Now, I can see some of you smiling, asking yourselves: how is he going to pull this off! Well, the ancient world saw women as property, to be used and disposed of when no longer pleasing or useful. St. Paul is confronting the prevailing customs where husbands often reigned like tyrants over their wives and families by exhorting husbands and wives to MUTUAL or RECIPROCAL submission to one another. This was and is a radical and beautiful solution. The only way this text is misogynist is if you ascribe to a false feminism that sees the proper task of women as usurping and imitating the injustices perpetuated by men throughout the ages.

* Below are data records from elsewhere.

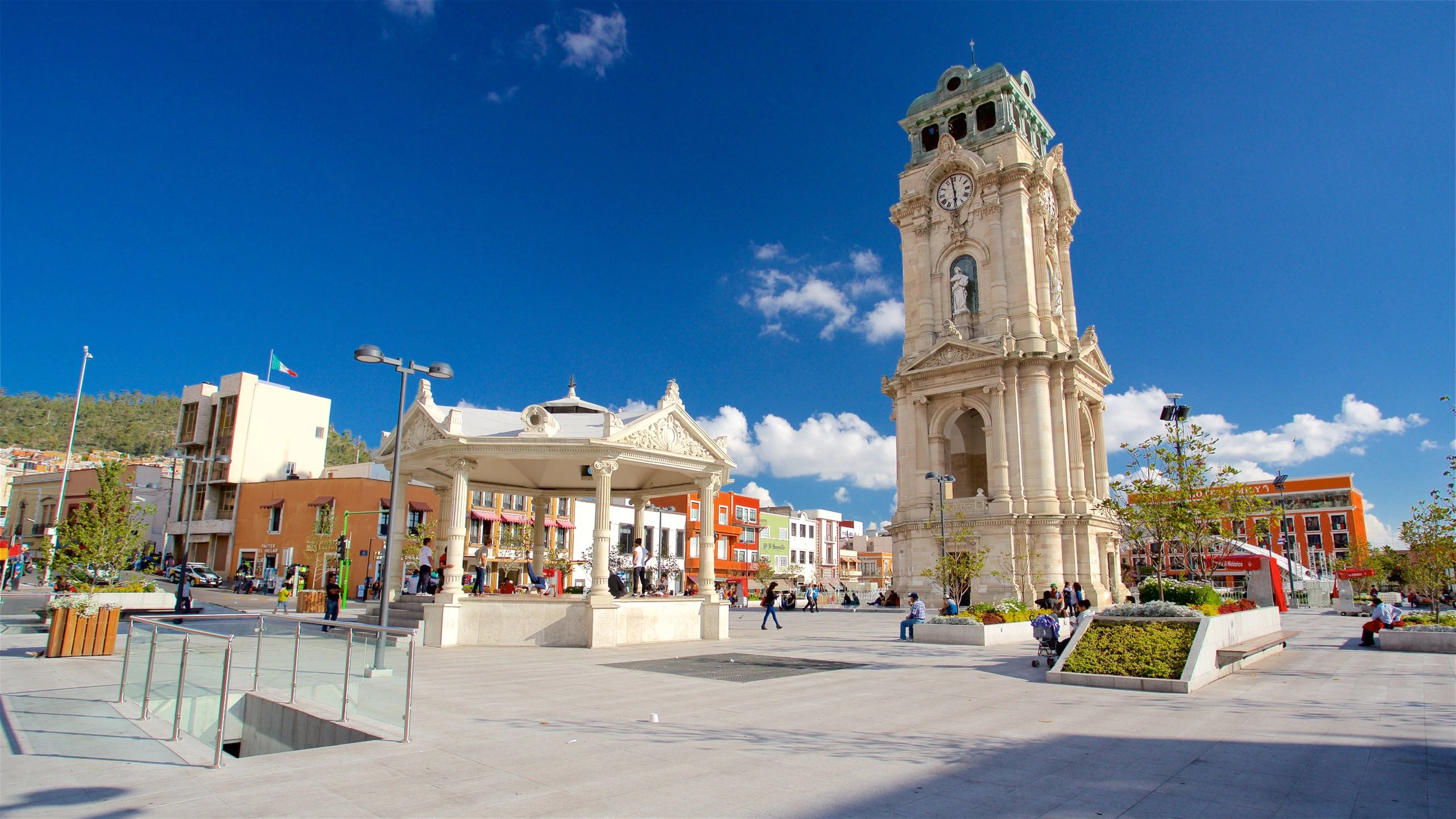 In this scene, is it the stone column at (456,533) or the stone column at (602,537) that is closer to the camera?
the stone column at (456,533)

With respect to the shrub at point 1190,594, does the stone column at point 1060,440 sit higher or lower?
higher

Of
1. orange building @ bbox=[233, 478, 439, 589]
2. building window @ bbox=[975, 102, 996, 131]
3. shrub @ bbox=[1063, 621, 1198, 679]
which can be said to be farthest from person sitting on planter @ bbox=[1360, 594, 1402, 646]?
orange building @ bbox=[233, 478, 439, 589]

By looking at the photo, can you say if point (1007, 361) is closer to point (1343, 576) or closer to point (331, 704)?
point (1343, 576)

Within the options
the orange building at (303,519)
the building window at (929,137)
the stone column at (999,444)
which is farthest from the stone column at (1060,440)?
the orange building at (303,519)

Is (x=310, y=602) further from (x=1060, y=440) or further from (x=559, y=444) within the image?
(x=1060, y=440)

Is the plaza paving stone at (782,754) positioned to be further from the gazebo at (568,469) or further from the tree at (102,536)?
the gazebo at (568,469)

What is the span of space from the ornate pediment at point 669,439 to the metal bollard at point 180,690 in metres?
12.1

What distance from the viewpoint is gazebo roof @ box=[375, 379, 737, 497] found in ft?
66.4

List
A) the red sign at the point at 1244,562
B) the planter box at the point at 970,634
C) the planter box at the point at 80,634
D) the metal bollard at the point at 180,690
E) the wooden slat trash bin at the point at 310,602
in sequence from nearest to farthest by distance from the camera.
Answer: the metal bollard at the point at 180,690, the planter box at the point at 80,634, the planter box at the point at 970,634, the wooden slat trash bin at the point at 310,602, the red sign at the point at 1244,562

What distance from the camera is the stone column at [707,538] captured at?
23.1 metres

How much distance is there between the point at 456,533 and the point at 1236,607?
64.0ft

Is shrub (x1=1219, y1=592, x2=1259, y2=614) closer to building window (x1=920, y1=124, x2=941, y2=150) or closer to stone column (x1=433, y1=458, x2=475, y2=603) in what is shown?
stone column (x1=433, y1=458, x2=475, y2=603)

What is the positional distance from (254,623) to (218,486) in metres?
59.4

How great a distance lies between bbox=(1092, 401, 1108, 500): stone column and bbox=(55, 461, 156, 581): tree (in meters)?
49.8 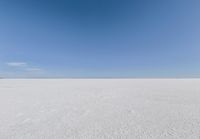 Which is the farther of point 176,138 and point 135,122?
point 135,122

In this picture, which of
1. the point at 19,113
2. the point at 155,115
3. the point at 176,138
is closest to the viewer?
the point at 176,138

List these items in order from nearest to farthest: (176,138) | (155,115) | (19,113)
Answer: (176,138), (155,115), (19,113)

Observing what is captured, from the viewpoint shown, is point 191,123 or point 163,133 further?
point 191,123

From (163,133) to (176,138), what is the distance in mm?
197

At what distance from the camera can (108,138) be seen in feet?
6.10

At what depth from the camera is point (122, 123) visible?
A: 7.91 ft

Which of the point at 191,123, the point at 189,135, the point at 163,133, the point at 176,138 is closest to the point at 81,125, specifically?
the point at 163,133

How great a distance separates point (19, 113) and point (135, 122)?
2.99 metres

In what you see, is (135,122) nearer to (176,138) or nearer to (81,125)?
(176,138)

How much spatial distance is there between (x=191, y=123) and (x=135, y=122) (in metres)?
1.11

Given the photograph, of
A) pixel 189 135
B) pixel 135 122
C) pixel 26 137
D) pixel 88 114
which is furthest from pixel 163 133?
pixel 26 137

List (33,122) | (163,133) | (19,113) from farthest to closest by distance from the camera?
(19,113)
(33,122)
(163,133)

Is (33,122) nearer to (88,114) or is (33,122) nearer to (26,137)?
(26,137)

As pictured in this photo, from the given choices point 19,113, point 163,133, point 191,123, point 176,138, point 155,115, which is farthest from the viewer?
point 19,113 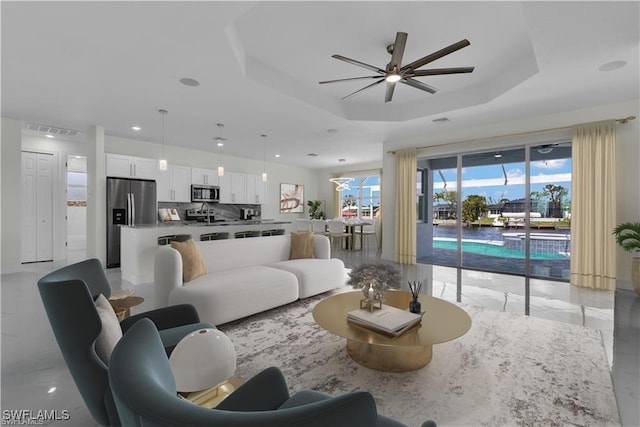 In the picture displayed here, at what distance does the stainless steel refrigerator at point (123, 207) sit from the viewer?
5.90 meters

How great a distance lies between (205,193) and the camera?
777cm

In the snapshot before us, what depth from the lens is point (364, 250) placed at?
339 inches

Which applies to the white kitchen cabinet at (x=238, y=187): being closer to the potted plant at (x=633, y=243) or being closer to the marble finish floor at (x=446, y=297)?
the marble finish floor at (x=446, y=297)

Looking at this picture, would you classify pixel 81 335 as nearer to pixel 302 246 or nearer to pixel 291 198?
pixel 302 246

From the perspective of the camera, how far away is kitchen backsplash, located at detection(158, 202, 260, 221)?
24.4 ft

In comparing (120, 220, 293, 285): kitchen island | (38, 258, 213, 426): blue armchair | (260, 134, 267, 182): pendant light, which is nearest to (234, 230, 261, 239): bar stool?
(120, 220, 293, 285): kitchen island

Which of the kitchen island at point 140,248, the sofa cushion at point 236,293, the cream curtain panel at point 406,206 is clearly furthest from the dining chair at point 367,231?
the sofa cushion at point 236,293

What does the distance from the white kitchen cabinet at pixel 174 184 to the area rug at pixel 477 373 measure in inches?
201

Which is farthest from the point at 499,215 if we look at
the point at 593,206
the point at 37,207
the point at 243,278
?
the point at 37,207

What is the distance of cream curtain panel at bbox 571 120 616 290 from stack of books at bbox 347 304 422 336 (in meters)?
4.05

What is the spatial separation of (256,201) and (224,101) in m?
4.83

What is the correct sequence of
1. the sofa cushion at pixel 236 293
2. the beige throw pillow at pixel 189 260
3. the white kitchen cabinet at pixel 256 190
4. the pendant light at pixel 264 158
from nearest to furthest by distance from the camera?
1. the sofa cushion at pixel 236 293
2. the beige throw pillow at pixel 189 260
3. the pendant light at pixel 264 158
4. the white kitchen cabinet at pixel 256 190

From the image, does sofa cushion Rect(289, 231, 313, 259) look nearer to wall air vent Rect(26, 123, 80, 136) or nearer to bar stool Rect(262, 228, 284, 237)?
bar stool Rect(262, 228, 284, 237)

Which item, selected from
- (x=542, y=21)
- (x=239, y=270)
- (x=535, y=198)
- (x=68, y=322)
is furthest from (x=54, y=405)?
(x=535, y=198) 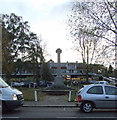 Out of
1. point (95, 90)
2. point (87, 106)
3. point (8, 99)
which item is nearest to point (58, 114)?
point (87, 106)

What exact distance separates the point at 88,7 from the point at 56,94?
9.46 metres

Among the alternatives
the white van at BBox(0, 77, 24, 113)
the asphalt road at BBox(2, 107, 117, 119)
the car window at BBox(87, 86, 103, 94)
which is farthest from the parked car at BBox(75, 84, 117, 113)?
the white van at BBox(0, 77, 24, 113)

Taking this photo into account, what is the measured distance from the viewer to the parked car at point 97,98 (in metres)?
10.4

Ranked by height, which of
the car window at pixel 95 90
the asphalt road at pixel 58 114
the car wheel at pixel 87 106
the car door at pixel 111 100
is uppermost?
the car window at pixel 95 90

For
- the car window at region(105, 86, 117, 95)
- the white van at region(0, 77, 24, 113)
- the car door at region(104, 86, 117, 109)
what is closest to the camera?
the white van at region(0, 77, 24, 113)

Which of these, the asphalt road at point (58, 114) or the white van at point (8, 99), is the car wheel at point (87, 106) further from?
the white van at point (8, 99)

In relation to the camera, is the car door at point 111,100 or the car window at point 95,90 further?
the car window at point 95,90

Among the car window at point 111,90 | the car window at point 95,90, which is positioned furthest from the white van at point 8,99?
the car window at point 111,90

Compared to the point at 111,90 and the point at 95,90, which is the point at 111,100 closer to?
the point at 111,90

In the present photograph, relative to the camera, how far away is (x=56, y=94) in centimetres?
2103

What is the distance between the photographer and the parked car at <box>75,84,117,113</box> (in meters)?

No, St. Paul teaches reciprocal submission to one another out of love and the desire to see the other become what they are meant to be, saints. Notice, I am using the word “submission” rather than subordination. I find “submission’ to be more helpful because it literally means to be “under the mission” of the other.
Now that that is out of the way, lets try to get at what St. Paul is really teaching. He says that there is a profound analogy between the relationship of Christ and the Church and that of spouses and that spouses should model their lives and behavior on that of Christ and the Church. Just as there is a reciprocal submission of Christ to the Church and the Church to Christ, so husbands should submit, or be under the mission of their wives, and wives to their husbands. If husbands do this, they will be modeling themselves on Christ, and wives on the Church.
This submission, or being under the mission of the other, is free and voluntary, undertaken in the marriage vows. It is a non-degrading, non-servile and non-coercive submission. Nor is it unconditional; rather it is dependent upon the proper fulfillment of the mission given to each.
So what is the mission of husband? Of wives? Husbands, your mission, should you choose to accept it is to love your wives as Christ loved the Church. And how did Christ love the Church? On the Cross and in the Eucharist! Your task is to die to yourselves, to lay down your lives for your bride and your children. Build up your marriage and your family not for selfish ends but for the sake of their flourishing, their holiness. Doing this acts against the great temptation for men to stand back, to not act, to be selfish, like Adam who was with his wife during the temptation but did nothing.
The second part is to submit to your wife’s mission of being fruitful, both physically and spiritually, generous, kind, inclusive, empathetic, always creating room for others. This is what Pope John Paul II called the “feminine genius.”
Wives, your mission in addition to the above, should you choose to accept it, is to be under the mission of your husband: to allow, encourage and facilitate your husband’s action, his death to self, his taking a lead as a servant, to “man up.” This last part acts against the great temptation for women to do everything, to act because no one else will, rather than calling forth the energies of your husband to take their proper role.
Like the Israelites in the first and third reading, we have a choice on whom we will serve and it will affect our lives. If we choose to serve the Lord and imitate the Eucharist in our daily lives, it should impact the household. If we choose to live from the Eucharist, it should change everything. Maybe not all at once, but little by little.